• _TASK_
In the records below, find the line that contains "Huggies, Mimi nice,Lolly" and repeat it, along with each line after it, exactly as written.

• _GIVEN DATA_

[Start of Attachment]

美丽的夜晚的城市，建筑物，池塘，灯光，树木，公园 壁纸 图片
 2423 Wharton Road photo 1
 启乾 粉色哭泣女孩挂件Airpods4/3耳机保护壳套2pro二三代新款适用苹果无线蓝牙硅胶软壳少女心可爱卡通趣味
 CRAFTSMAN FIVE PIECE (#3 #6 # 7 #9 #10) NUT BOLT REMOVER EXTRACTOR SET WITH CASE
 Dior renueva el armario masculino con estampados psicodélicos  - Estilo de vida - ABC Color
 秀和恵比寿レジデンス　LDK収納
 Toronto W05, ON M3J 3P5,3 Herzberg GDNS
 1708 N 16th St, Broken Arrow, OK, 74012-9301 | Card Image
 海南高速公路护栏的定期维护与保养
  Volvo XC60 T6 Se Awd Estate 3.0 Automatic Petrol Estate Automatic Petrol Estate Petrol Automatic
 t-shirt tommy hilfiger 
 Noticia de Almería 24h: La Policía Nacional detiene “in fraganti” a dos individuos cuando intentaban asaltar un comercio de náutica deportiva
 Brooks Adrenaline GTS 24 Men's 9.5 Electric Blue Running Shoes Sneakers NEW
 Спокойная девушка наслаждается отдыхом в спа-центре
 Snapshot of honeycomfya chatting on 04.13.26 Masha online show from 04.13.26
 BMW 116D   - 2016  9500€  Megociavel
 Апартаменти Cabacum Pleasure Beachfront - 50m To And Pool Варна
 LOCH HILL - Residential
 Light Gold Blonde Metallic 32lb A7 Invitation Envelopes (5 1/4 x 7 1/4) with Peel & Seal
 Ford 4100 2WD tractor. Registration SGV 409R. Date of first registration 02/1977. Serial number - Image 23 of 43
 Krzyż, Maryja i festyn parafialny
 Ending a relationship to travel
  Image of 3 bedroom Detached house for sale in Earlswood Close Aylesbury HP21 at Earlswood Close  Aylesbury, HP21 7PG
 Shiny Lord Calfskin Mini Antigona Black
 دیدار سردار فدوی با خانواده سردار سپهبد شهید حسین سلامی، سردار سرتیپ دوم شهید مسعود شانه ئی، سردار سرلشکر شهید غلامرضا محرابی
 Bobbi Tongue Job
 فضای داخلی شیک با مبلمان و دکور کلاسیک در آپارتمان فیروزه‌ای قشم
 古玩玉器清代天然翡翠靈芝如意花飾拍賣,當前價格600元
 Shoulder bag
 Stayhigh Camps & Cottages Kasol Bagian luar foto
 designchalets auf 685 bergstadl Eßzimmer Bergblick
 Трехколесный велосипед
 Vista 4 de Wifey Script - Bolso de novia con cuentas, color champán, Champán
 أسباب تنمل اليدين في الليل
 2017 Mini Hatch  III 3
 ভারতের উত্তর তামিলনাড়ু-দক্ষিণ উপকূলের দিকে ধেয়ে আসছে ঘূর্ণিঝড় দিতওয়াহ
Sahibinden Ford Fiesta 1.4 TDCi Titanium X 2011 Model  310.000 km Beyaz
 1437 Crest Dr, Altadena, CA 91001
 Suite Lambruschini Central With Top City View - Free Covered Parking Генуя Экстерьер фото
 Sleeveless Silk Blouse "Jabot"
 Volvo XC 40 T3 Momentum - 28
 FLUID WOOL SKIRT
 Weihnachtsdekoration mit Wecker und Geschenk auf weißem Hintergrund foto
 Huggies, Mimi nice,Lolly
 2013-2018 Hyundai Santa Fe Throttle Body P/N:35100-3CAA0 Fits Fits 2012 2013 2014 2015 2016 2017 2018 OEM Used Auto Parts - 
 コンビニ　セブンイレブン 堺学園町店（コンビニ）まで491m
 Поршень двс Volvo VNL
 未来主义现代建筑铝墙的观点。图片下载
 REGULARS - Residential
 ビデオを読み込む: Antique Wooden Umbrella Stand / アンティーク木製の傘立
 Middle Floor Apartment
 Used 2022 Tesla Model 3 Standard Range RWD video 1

[End of Attachment]

• _WRITTEN RESPONSE_
 Huggies, Mimi nice,Lolly
 2013-2018 Hyundai Santa Fe Throttle Body P/N:35100-3CAA0 Fits Fits 2012 2013 2014 2015 2016 2017 2018 OEM Used Auto Parts - 
 コンビニ　セブンイレブン 堺学園町店（コンビニ）まで491m
 Поршень двс Volvo VNL
 未来主义现代建筑铝墙的观点。图片下载
 REGULARS - Residential
 ビデオを読み込む: Antique Wooden Umbrella Stand / アンティーク木製の傘立
 Middle Floor Apartment
 Used 2022 Tesla Model 3 Standard Range RWD video 1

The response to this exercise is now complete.